--- START ---
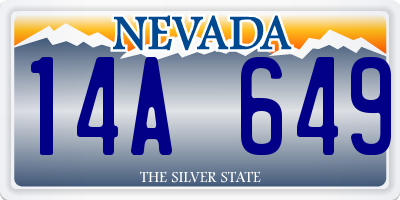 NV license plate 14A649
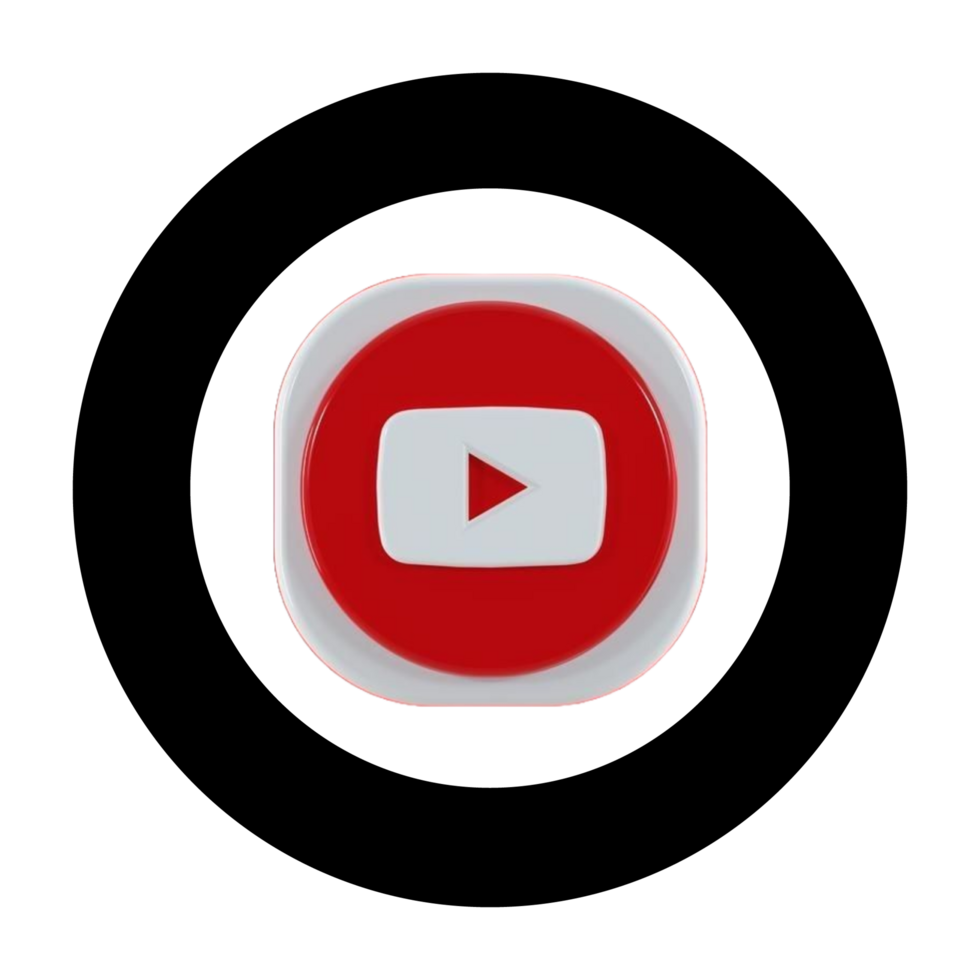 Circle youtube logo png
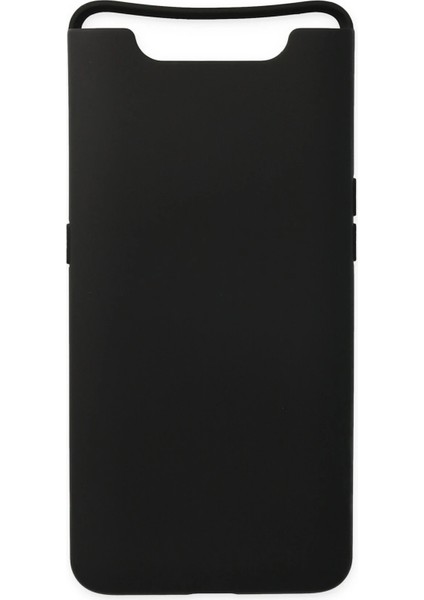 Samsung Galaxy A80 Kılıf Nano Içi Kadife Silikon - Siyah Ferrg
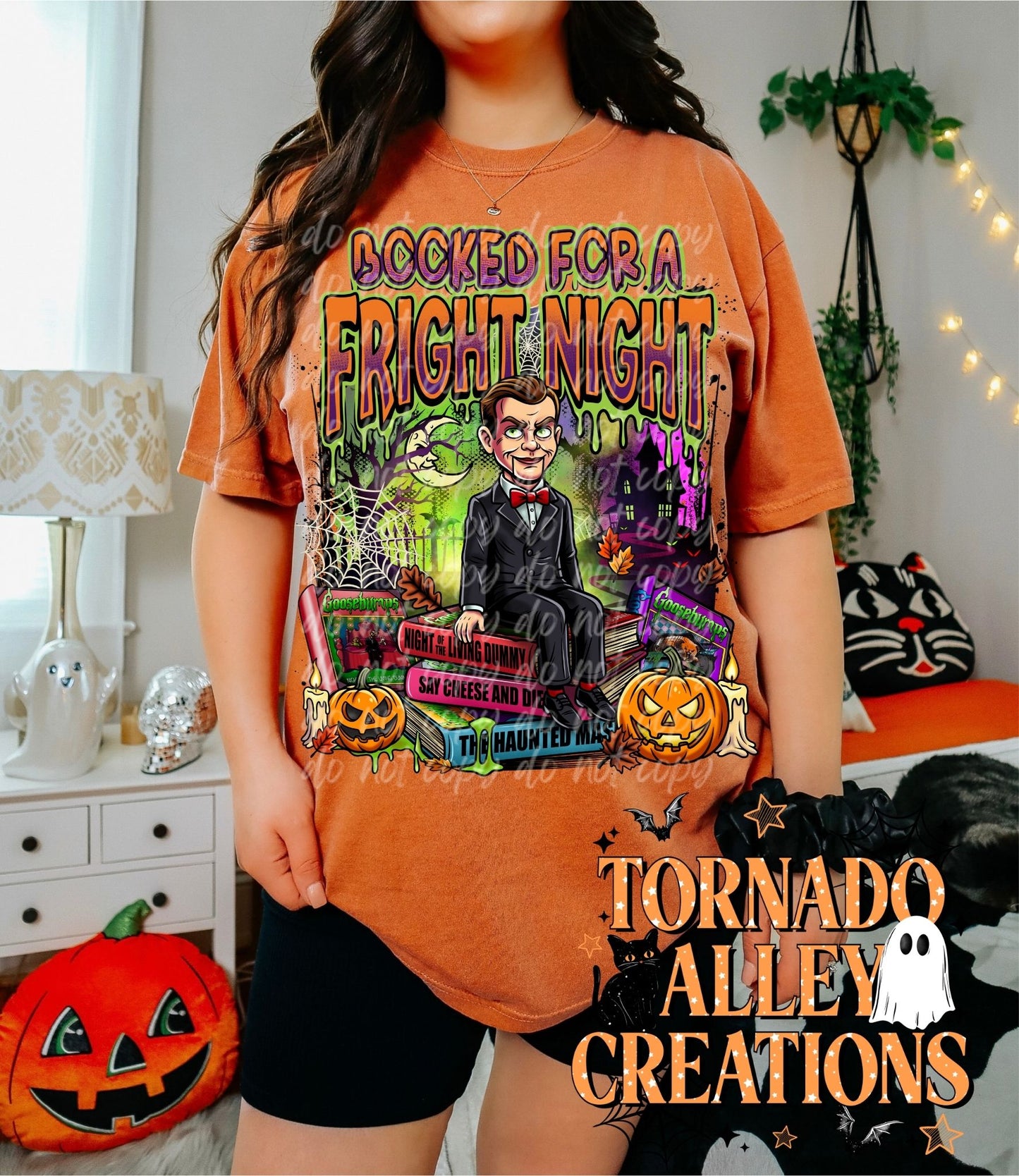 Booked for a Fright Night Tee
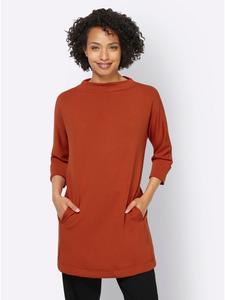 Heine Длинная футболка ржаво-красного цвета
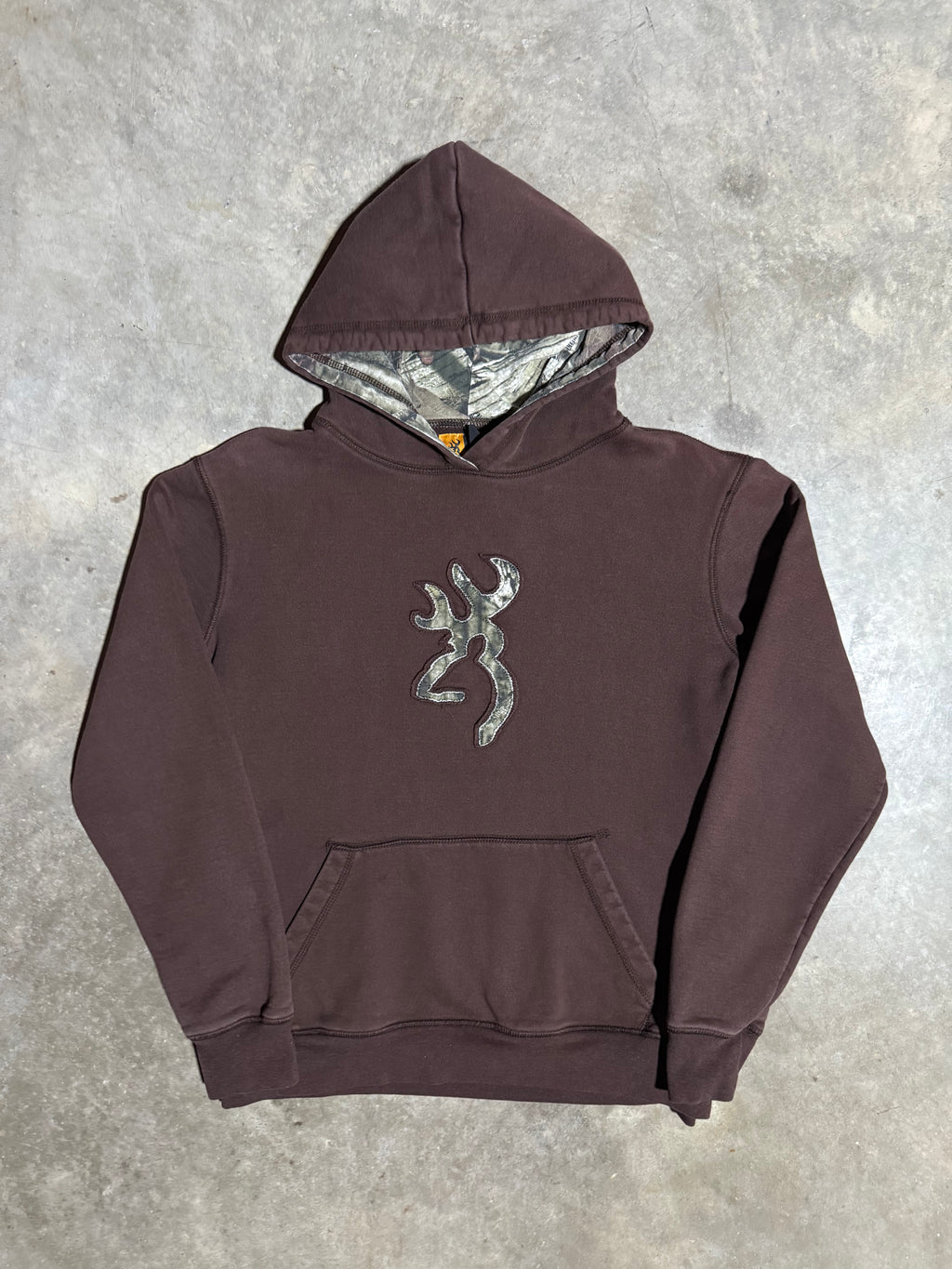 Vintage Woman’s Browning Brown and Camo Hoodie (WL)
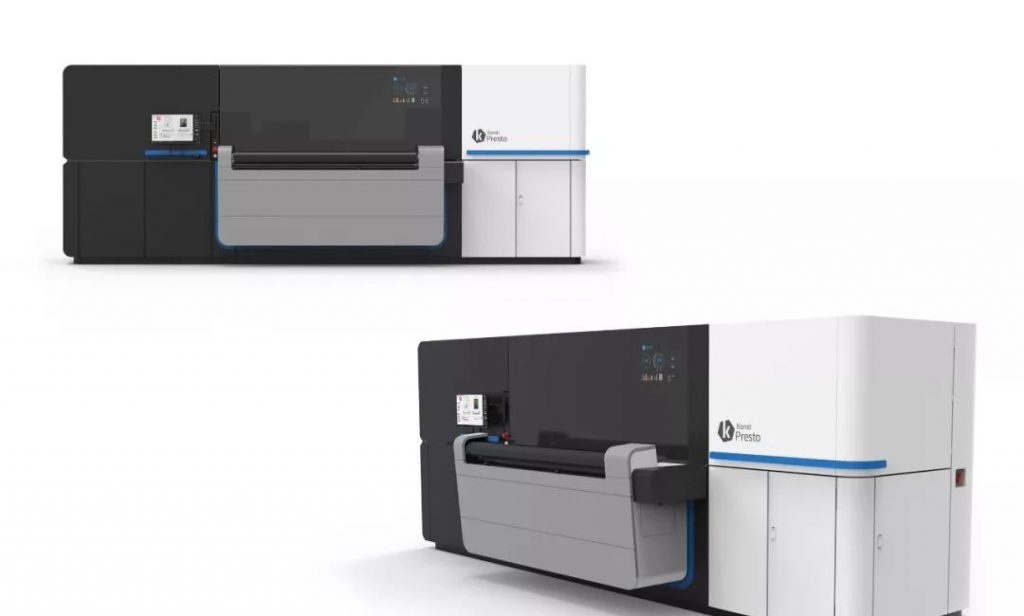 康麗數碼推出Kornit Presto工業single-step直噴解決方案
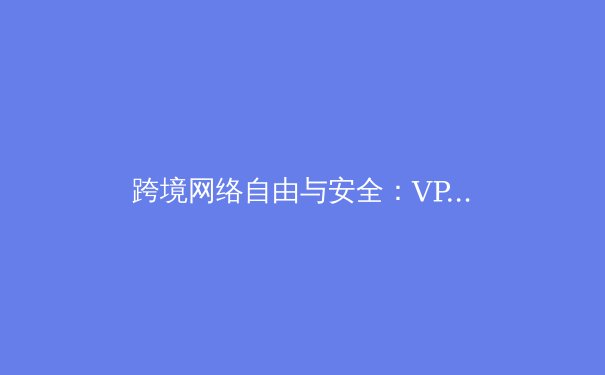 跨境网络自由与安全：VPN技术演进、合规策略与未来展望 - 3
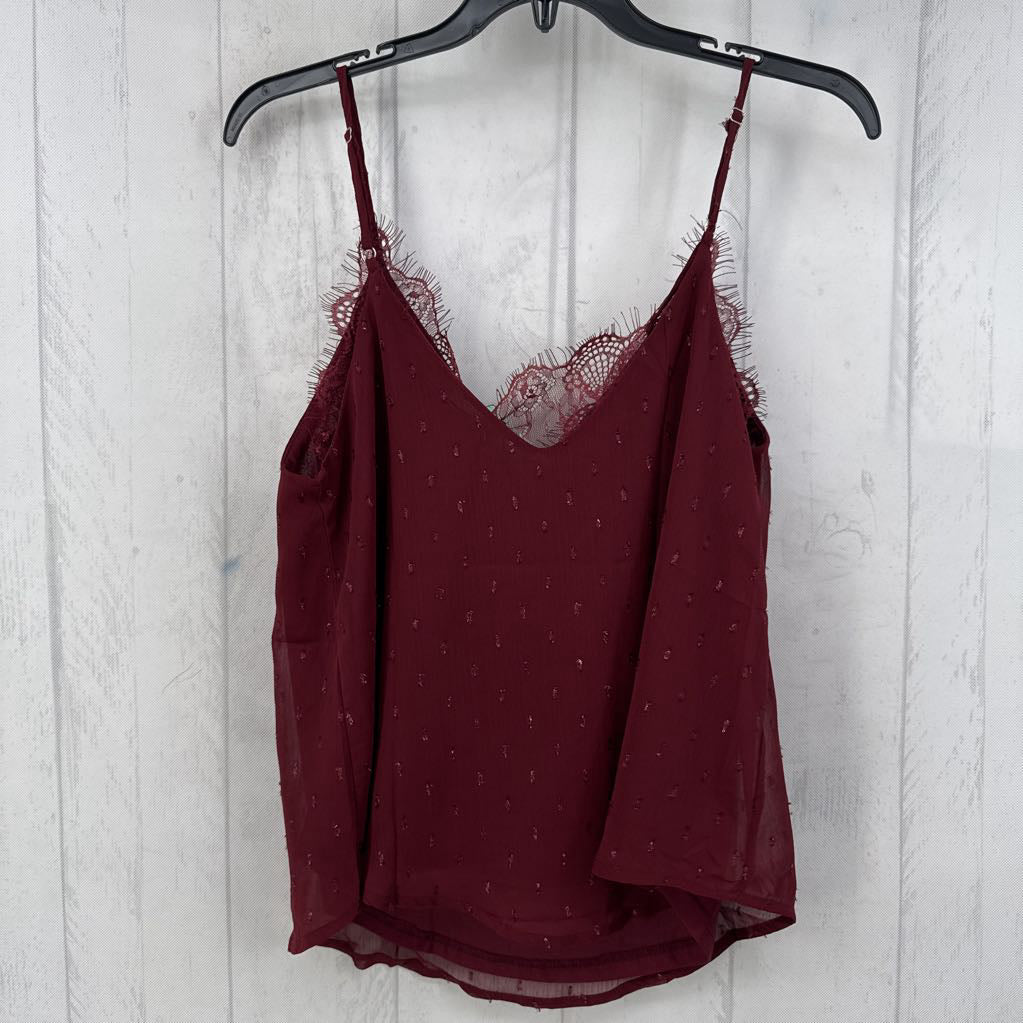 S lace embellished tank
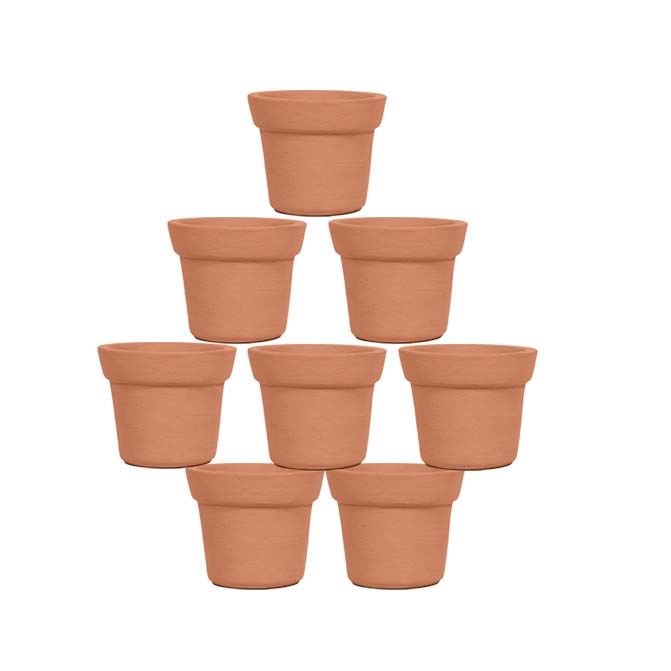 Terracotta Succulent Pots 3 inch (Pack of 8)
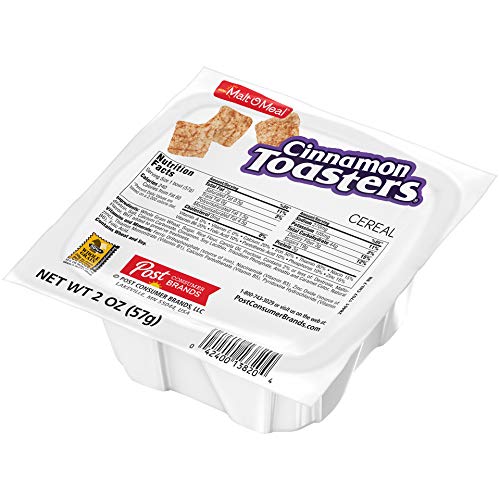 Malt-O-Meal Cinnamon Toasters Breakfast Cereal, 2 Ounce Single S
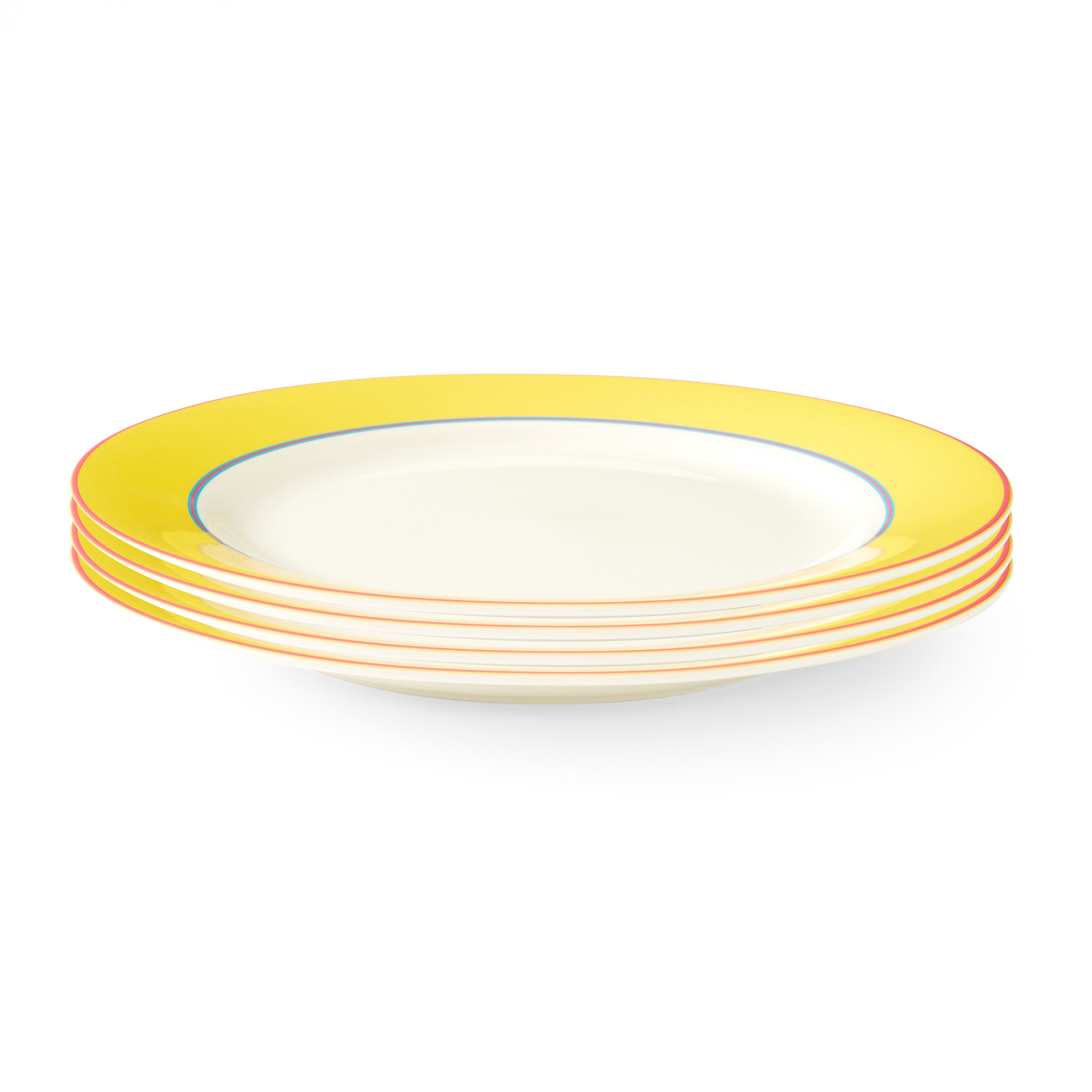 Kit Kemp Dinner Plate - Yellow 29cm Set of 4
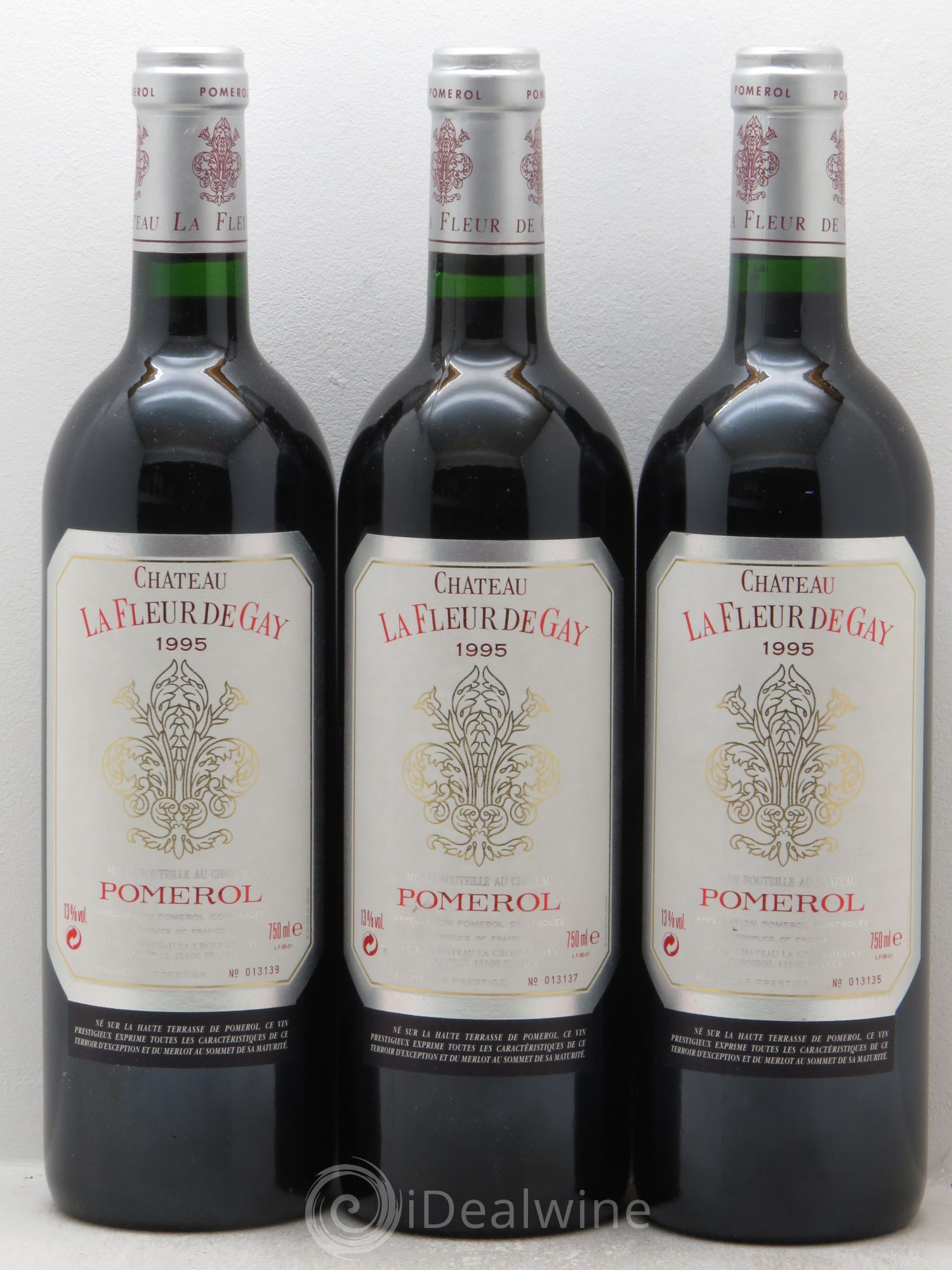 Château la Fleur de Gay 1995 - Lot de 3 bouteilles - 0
--- END ---
Keep pictures out and return the lines from the one containing "S lace embellished tank" through the end of the listing, both included, character for character.

 S lace embellished tank
 Terracotta Succulent Pots 3 inch (Pack of 8)
 Malt-O-Meal Cinnamon Toasters Breakfast Cereal, 2 Ounce Single S
 Kit Kemp Dinner Plate - Yellow 29cm Set of 4
 Château la Fleur de Gay 1995 - Lot de 3 bouteilles - 0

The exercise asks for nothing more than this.